Chris Thomas, a tax law expert at Pinsent Masons (the law firm behind Out-Law), commented that “the legislation is perhaps unsurprising in the context of the recent furore over ‘off payroll’ remuneration in the public sector. However, it will nonetheless be unwelcome news for many corporates who have, until now, been able to offer the benefits of gross payment without taking on any risk themselves.”

Thomas added that the Government’s thinking on the issue did not appear very well developed and that the consultation left a lot of questions unanswered. “The key will be how exactly they define who is a ‘controlling person’”, he said. “At the moment, the description is rather vague and it is likely to cause problems for businesses in determining who exactly is caught. Also it is not clear whether it will actually hit the intended targets. For example, non-executive directors are presumably in the Government’s sights, but it is by no means clear that they would be ‘able to shape the direction of the organisation’. We will also need to see how the regime applies where a controlling person is supplying separate consultancy services – although one would hope that this should not be affected”

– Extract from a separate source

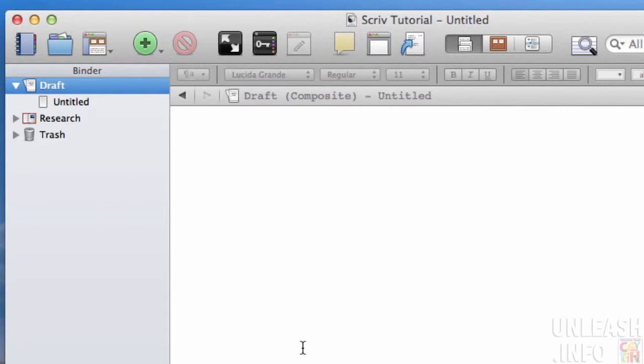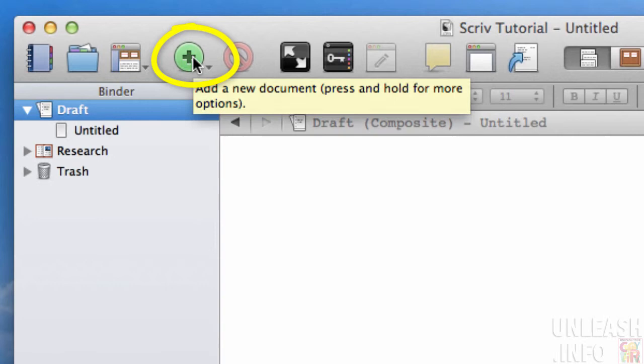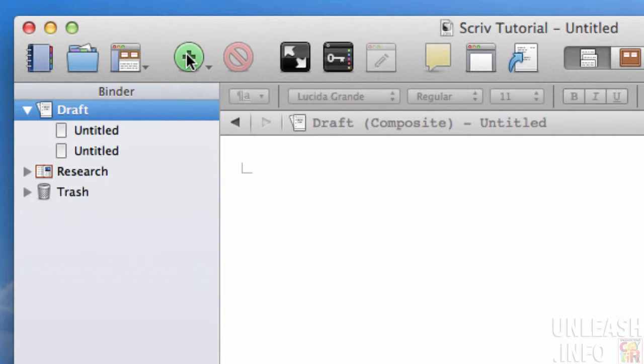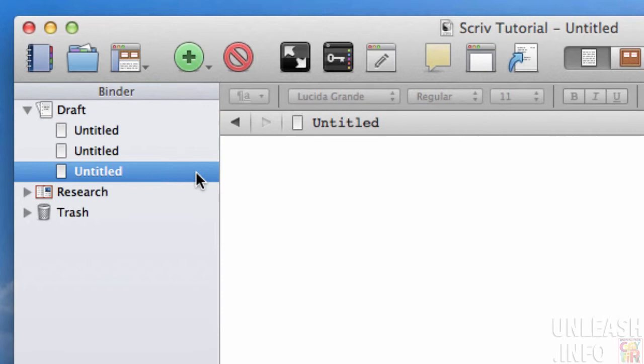The ones that you will use most often will be just this big green button here. If I press this, it will simply add a file or a document into my draft folder. If I've got the draft folder selected and I press that button, it will drop a new file in there that I can then begin to work on.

Rules currently exist, commonly known as IR35, to prevent tax avoidance using personal service companies. The IR35 rules apply where the relationship between the end client and the worker would be one of employment if it was not for the interposition of an intermediary, such as a personal service company.

A worker caught by the IR35 rules can take out of the personal service company as salary the money earned from that contract and pay tax and National Insurance on those salary payments in the normal way. However, to the extent that the worker does not choose to pay the money out as a salary, at the end of the year, the personal service company is required to calculate a deemed payment on which employee national insurance contributions and income tax are due and a deemed employer national insurance payment.

The Government considers that IR35 is not sufficient to solve for the senior workers the new rules are aimed at.. "When IR35 was introduced 10 years ago it was comparatively unusual for controlling persons of an engaging organisation to be working through a PSC [personal service company]. In the last few years anecdotal evidence suggests that it has become an increasingly common practice in both the private and public sectors." states the document.

It explains that because the IR35 legislation places the obligation on the personal service company to operate income tax and national insurance "this means that even where the appropriate tax and National Insurance for the circumstances of the case is being paid, that is not going to be clear and transparent to the engaging organisation."

The Government believes that, "because of their role in an organisation, controlling persons should be required to meet their income tax and National Insurance obligations in a way which is transparent to their engager. This is not currently possible where they work through a PSC" states the consultation document.

'Micro businesses’ who engage controlling persons through a personal service company will be excluded from the new rules. A micro business, is defined by the EU as a business which employs fewer than 10 persons and whose turnover and or balance sheet does not exceed €2million (approximately £1.7million.)

In a parallel development, new tighter rules governing ‘off payroll’ appointments in central government will be brought in this September.  This comes after a review of Government departments and their arm’s length bodies revealed that over 2,400 key public sector appointees have been engaged off payroll, in some cases for more than ten years. 

The review was commissioned by Chief Secretary to the Treasury Danny Alexander earlier this year.  Each of the departments and bodies involved has published on their websites a list of off payroll appointees who were engaged at an annual cost to the department of more than £58,200.

Engaging a worker through a personal service company can be attractive for both the engager and the worker. The engager can save employer's national insurance contributions (currently 13.8%). The engager also has no requirement for the engager to provide other benefits such as holiday pay, sick pay and pension contributions.

Working through a personal service company can enable a worker to withdraw the profits in a tax efficient way, saving national insurance contributions and income deductions under PAYE and also with more generous expense tax deductions.